§ EXERCISE INSTRUCTIONS: Would you reproduce exactly the lines below from the one holding "Used 2025 Land" through the one holding "Samosa aux légumes / Vegetable Samosa", inclusive, and no others?

§ RAW DATA:

▬▬▬▬▬▬

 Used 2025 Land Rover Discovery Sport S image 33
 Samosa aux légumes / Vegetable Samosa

▬▬▬▬▬▬

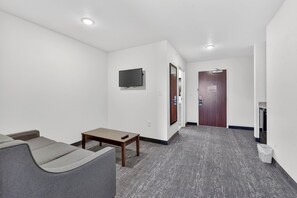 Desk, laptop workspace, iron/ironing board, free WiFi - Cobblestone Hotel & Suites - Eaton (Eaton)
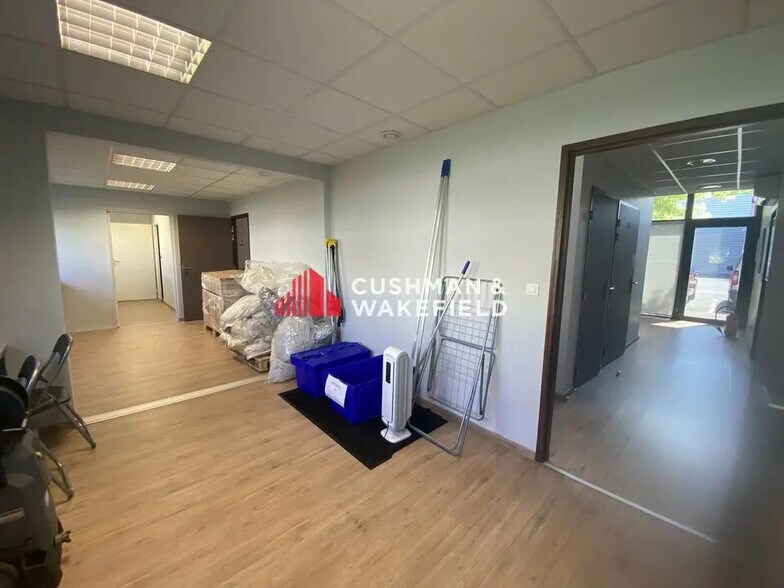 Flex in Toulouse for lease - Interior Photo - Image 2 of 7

▬▬▬▬▬▬

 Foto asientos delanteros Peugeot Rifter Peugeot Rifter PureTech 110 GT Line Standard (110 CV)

▬▬▬▬▬▬

§ RESPONSE TO THE TASK:
 Used 2025 Land Rover Discovery Sport S image 33
 Samosa aux légumes / Vegetable Samosa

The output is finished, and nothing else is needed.